Typically, keyword search on other engines breaks down as queries grow in length - but not on DeepDyve. The more search terms you enter, the more relevant your results. The DeepDyve engine actually encourages longer search queries. This type of search technique certainly comes at a good time, as our query length is growing each year, with 8-plus keyword searches having increased 20% year-over-year as of February, 2009.
We looked at DeepDyve back in September when it was still behind a paywall, then reviewed it again in November when they introduced a free version. At the time, we noted that there were still some issues with any "deep web" search engine - most notably that a lot of the information which DeepDyve uncovers is still behind additional paywalls on subscription-based web sites. Today, that issue still remains.
However, the complaints of many of the commenters on the last post were not about the paywalls but about how the site forced you to register before you could do any searches. As one anonymous commenter noted, to paraphrase, "if you're going to launch a search engine, open it up so people can use it."
It seems DeepDyve took that advice. The search box on the homepage is immediately accessible and even the results pages have a more refined look today than they did only a few months prior.

These sorts of complaints highlight the problem with reviewing cutting edge technologies when they're still in such a raw format - people go there expecting Google, find what appears to be a boring research experiment and then become disillusioned. What they fail to see - what they cannot see, in fact - is that a cursory glance can't reveal the technology behind the site or service. The technology in DeepDyve, for instance, involves advanced algorithms that other engines don't even have yet. The usability issues will be addressed in time and the issues with access to content behind paywalls could always eventually be worked out through partnership deals. But that business side of the DeepDyve project isn't anywhere nearly as interesting as the potential of gaining access to 99.8% more of the Internet!
Comments
Subscribe to comments for this post OR Subscribe to comments for all ReadWriteEnterprise posts
I've been trying out various "semantic" search engines with similar queries over some time now to see if any of them do a better job on answering questions than conventional means.
Deep Dyve's generic answers seem significantly worse than Google's for many of my queries -- but then, so do most other such search engines. As a general rule, I'm more likely to be able to read the answer to my question in the excerpted blue Google links than I am in semantic search result lists.

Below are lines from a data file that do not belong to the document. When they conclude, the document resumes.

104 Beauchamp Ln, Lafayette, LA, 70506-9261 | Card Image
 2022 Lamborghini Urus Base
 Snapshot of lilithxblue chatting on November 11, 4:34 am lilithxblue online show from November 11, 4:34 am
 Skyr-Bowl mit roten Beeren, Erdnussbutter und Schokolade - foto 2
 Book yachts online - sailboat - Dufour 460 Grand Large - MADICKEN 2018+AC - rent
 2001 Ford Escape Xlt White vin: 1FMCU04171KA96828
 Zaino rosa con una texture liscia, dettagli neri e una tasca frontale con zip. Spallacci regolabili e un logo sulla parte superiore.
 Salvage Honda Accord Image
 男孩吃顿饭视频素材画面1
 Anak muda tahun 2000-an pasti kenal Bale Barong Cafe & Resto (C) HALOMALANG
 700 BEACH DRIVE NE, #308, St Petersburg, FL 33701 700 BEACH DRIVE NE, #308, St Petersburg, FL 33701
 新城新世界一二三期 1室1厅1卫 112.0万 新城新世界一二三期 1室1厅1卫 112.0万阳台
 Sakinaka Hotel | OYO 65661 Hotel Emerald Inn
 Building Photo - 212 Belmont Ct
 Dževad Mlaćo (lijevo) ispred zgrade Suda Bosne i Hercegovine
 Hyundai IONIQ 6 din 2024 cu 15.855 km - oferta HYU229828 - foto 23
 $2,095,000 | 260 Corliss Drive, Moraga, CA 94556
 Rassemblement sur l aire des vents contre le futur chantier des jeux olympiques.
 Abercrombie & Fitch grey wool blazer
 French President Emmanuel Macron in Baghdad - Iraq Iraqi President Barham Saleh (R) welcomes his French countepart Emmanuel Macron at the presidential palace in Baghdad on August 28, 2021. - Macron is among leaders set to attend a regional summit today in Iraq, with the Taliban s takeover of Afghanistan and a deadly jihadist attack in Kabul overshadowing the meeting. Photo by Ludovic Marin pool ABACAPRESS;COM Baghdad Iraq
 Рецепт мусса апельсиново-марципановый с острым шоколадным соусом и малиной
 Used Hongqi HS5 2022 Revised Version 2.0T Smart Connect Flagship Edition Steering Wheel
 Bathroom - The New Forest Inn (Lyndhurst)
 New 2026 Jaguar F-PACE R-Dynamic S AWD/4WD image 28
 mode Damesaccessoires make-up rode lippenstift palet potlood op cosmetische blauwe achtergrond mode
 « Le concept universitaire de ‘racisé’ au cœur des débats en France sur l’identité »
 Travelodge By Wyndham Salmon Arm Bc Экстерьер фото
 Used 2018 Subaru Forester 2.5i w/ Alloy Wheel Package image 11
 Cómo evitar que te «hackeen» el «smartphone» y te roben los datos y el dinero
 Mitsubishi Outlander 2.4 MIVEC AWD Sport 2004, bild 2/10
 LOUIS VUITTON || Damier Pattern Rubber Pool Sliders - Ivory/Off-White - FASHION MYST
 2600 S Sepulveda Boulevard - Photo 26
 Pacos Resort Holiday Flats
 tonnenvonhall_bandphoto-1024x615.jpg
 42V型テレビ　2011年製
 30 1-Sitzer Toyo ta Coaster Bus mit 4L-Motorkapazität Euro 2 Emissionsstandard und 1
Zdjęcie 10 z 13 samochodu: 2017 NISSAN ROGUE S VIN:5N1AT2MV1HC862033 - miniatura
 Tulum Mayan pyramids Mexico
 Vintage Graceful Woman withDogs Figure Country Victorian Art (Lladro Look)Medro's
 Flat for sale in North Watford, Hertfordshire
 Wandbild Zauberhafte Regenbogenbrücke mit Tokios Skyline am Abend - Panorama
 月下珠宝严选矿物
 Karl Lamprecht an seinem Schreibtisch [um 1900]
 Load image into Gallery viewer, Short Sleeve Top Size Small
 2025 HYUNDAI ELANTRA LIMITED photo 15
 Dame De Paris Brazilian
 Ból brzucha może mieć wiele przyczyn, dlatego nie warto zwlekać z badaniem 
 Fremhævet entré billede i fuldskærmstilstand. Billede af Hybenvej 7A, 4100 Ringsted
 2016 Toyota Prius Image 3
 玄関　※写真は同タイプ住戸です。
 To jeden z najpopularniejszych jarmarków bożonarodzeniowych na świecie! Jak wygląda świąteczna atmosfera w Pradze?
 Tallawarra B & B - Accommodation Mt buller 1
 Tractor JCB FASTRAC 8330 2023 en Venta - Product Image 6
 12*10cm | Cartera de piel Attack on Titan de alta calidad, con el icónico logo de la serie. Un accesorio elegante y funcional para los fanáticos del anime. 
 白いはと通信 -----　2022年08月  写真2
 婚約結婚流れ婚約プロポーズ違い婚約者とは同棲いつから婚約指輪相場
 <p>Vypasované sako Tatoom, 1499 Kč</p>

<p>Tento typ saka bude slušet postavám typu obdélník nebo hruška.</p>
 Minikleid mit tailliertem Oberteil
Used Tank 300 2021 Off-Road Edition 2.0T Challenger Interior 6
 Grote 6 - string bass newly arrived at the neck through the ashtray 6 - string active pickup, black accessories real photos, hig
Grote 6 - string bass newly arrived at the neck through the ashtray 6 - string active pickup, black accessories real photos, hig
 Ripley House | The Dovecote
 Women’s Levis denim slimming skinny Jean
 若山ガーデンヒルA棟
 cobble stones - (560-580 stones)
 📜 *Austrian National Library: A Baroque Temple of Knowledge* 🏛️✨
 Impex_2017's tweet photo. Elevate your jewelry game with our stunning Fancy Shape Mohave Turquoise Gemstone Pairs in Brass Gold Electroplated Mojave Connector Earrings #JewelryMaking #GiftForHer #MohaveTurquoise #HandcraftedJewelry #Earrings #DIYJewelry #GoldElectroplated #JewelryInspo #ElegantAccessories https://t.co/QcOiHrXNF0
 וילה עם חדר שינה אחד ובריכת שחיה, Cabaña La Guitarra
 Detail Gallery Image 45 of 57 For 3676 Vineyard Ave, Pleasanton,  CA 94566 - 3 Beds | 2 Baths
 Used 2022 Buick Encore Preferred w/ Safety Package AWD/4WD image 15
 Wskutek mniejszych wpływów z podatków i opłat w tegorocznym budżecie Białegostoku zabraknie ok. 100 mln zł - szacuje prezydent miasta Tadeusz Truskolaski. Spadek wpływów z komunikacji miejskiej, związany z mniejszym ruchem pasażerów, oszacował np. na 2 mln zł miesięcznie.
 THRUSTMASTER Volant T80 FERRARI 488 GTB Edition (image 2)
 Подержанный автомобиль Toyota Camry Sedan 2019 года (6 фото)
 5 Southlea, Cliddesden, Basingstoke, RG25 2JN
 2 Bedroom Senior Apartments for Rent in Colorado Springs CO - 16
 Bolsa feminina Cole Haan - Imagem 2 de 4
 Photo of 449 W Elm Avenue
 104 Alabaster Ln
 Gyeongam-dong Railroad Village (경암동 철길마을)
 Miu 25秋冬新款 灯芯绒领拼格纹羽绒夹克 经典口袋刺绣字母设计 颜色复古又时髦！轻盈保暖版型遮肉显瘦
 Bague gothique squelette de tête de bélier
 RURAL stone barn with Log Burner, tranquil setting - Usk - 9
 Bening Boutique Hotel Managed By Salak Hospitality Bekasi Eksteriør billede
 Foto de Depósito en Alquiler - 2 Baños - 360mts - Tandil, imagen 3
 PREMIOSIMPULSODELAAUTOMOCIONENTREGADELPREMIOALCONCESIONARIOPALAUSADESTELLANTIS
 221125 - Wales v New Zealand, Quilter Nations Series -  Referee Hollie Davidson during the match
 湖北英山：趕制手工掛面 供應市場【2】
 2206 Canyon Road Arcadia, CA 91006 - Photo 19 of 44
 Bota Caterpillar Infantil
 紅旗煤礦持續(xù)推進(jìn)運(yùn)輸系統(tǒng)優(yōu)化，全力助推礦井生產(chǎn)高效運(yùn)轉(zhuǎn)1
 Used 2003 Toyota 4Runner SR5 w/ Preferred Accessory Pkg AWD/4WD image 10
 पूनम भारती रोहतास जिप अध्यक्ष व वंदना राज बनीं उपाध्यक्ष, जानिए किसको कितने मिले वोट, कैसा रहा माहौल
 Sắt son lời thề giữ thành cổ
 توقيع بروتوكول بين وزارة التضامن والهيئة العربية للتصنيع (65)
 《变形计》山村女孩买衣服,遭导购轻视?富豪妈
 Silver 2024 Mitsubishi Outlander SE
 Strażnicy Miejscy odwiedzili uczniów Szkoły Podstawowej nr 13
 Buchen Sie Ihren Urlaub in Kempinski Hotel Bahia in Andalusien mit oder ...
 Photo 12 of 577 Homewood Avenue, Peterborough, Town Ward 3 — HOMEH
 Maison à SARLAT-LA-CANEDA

There's a limit to how good an answer you can give just by rummaging through Wikipedia or Freebase, like most of these engines do (due to lack of resources to cover the web in general), in order to answer generic queries. But PowerSet and various others are no better either.
However, in their specialty areas like Life Sciences, Deep Dyve may well do a much better job -- I'm just not competent to judge those kinds of specialized queries.
Hi,
i am interested in those algorithms which are used in showing the whole paragraph out of just one query, can you specifically name them please?
Sarah said...
Typically, keyword search on other engines breaks down as queries grow in length - but not on DeepDyve. The more search terms you enter, the more relevant your results.
Sarah, that's not necessary true. That might be true in old Boolean type or Vector Space type search engine, but not in LSI (Latent Semantic Indexing) type search. LSI can query using a single key-word or a bag of key-words (phrase, etc...). The longer the bag of key-words, the more relevant the search is. There are different types of LSI that are in existent today, and they do vary in their accuracy. It is reported here that Google is already using LSI. Perhaps the difficulty for them (Google) is how to combine LSI and their PageRank algorithm into one output, because the 2 algorithms are completely different. LSI works on a matrix of "document by keyword" frequency, while PageRank works on a matrix of "document-inbound by document-outbound" links.
Mansoor Ahmed , what you're looking for is LSI. It is based on an algorithm called SVD (singular value decomposition) and there are lots of open source on the internet that already contains the SVD algorithm.
Interesting, I recall reading LSI papers at Bellcore almost 20 years ago.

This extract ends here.